Dr. Fabiyi also provided a prescriptive analysis towards curative measures for corruption. His suggested approach rests on law and order, crime and punishment anchored on strong citizen support, perhaps a reward-based witness protection mechanism. One would have thought Dr. Fabiyi was actually writing about another country but Nigeria. Unfortunately Nigeria is not a country of laws but of class, personalities and controlled power. The recent ordeal of one Miss Uzoma Okere in the hands of shipmen makes the case; she was brutally assaulted, beaten and left half-naked for not yielding in time to "the big man's right of way" for the convoy of a Rear Admiral Harry Arogundade. The navy brass sat comfortably behind his limo as his boys pummeled the young girl. Her offence was being in the right lane at the wrong time. Not too long ago along the same narrow potholed paths in Lagos, the Imo State Governor's convoy chased a woman and her car into the ditch. She had her child strapped in the back seat; again she was lucky to live to tell the story. With the privileged seen to be and acting above the law, the judiciary is only as effective and as good as the system from which it derives its authority to serve a beleaguered society. Law enforcement is arbitrary and selective; when seriously applied it derives its effectiveness or lack thereof through influence of financial reward and favors from controlled power.

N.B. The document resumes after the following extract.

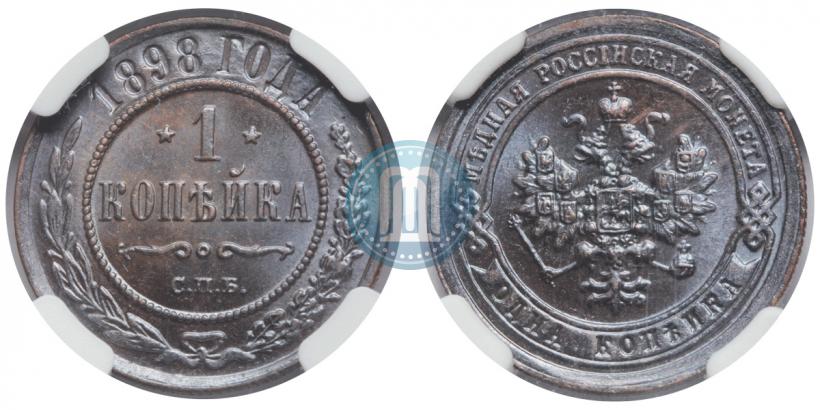 Фото 1 копейка 1898 года СПБ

Whistleblowers as suggested by Dr. Fabiyi would not live long enough to tell their stories either in a country where "warlordism" has further assumed the status of a territorial base of power with the accruing privileges of a manufactured authority. Anybody, except the privileged super class, can be kidnapped anywhere for the price of a bounty on the orders of a "manufactured higher power". If the whistleblower escapes reprisals by going underground, does he or she also do so with his entire family or with kith and kin in the village? Justice in this instance could be as much retributive as it is distributive where witness protection is essentially non-existent. For that innocent Nigerian, the jungle law is also the law of self-preservation, the key being never witness a crime; to do so means the individual is a dead meat. Crime may be location-specific, punishment and consequences deriving there from may however be jointly and severally applied, spreading far and wide even beyond the limits of one's village. The folks and all and sundry who hardly know their "whistleblower " son is entangled with the law one way or the other, would wake up to a bad dream, a band of armed police. The one misfortune any village would pray not to have is the occupation force of the Nigerian police. By the time it would be over, half of the women folks both married and unmarried would have been assaulted and raped. The Nigerian police do not keep the peace without a collateral damage; there is also no third force to police the police; therefore nothing would happen and life rolls on.

The underlying concern then would not be a case of speculation or any bordering on "Probability" even if the frequency of occurrence and the likelihood of occurrence lack any commonality in provenance. Does it then mean corruption as is known in Nigeria can never be eradicated? The short answer is yes; however it can be managed and minimized only if Nigeria begins to make that "Rational Decision" to embrace "Change" in the age of Obama. The reason for that answer is that bribery and corruption have come to stay to symbolize pleasure. However, the only way such a pleasure remains eternally fulfilling is by living in the moment, enjoying it as long as it lasts. Incidentally, Nigerians live in the moment. The future is now.